Content area
Security patch documentation is a critical yet time-consuming aspect of secure software development. This thesis investigates the use of generative AI models to automate the generation of SECOM-compliant commit messages directly from code diffs. Two prompting strategies are evaluated: a zero-shot baseline, where messages are generated from raw Git diffs without examples, and a few-shot approach, where structured exemplars guide the model via in-context learning.
In a large-scale benchmark of 500 real-world security patches, zero-shot prompting achieved a SECOMLint structural compliance rate of 33%, surpassing the 6.8% compliance rate of original human-written messages, a relative improvement of +383%. However, metadata accuracy remained low, highlighting the limitations of unguided generation. A targeted evaluation of fewshot prompting across 215 entries drawn from five CWE categories revealed substantial relative gains: format compliance increased by 11.84%, metadata accuracy by 34.08%, and CVSS exact match rate by 177.57%, while severity estimation error (MAE) decreased by 15.72%.

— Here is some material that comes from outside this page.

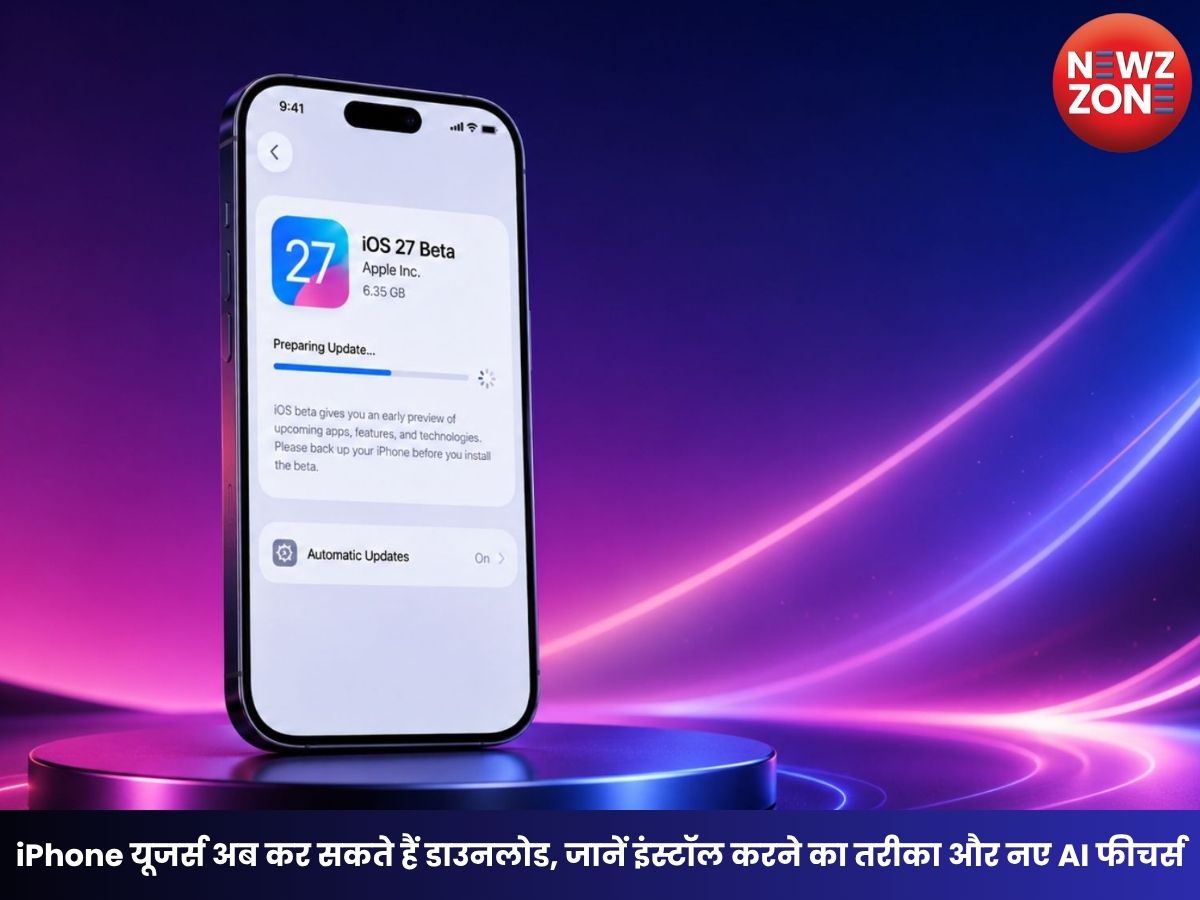 iOS 27 Public Beta Update: iPhone यूजर्स अब कर सकते हैं डाउनलोड, जानें इंस्टॉल करने का तरीका और नए AI फीचर्स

The results demonstrate that few-shot prompting significantly enhances both structural and semantic fidelity, especially for well-represented vulnerability classes. However, performance remains sensitive to data scarcity and semantic complexity, as shown in the underperformance for CWE-918. In addition to contributing a replicable prompting framework and validation pipeline, this work introduces a vision for SECOMLint as a model-assisted documentation tool. The findings highlight the promise and boundaries of using large language models to support structured security documentation and lay the foundation for future tooling that reduces the manual burden of writing security-aware commit messages.